Ein Schlüsselthema der Elternschule ist die Heilung der Mutterschaft. Ein Kind liebt seine/ihre Mutter ohne Einschränkungen und ganz ohne Zweifel. Die Liebe zwischen Mutter und Kind und speziell die Liebe zwischen Mutter und Sohn ist ein starkes archetypisches Liebesbild in unserer Seele. Dieses Bild braucht kollektive Einlösung, Erlösung und Heilung. Viele Frauen sind aber nicht in der Lage, die Liebe ihres Sohnes voll anzunehmen. Das ist die Folge einer Kulturgeschichte, in der die Liebe zwischen Mutter und Sohn verboten war. Für einen Mann bedeutet das, dass er nicht daran glauben kann, geliebt zu werden und dadurch selbst Schwierigkeiten hat, eine Frau ganz zu lieben.

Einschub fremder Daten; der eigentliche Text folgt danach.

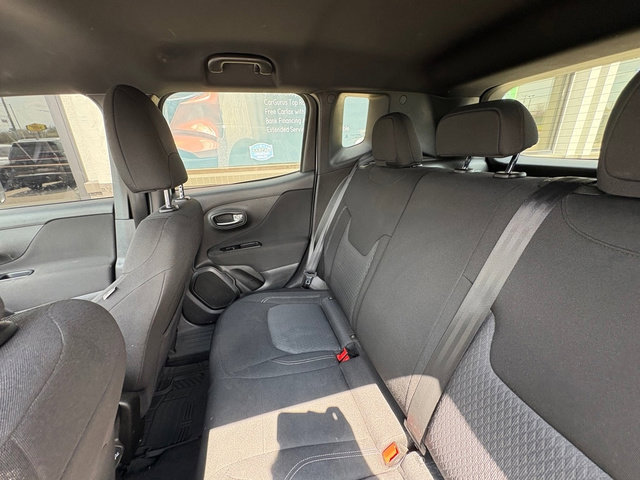 Used 2021 Jeep Renegade Latitude AWD/4WD image 15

Wenn wir die Liebe eines Kindes damit beantworten, dass wir es besitzen wollen, erzeugen wir in ihm Verwirrung, Angst und Wut. Wir wollen eine Kultur aufbauen, in der Erwachsene fähig sind, auf die Liebe ihrer Kinder mit ihrer uneingeschränkter Liebe zu reagieren. Wir arbeiten an einem neuen Bild der Mutterschaft in einer Friedenskultur, wo Mütter für alle Kinder in der Gemeinschaft Heimat schaffen. Mütter brauchen eine Aufgabe in der Gemeinschaft, die es ihnen erlaubt, ihr hohes Liebespotential zum Wohle aller zu entfalten.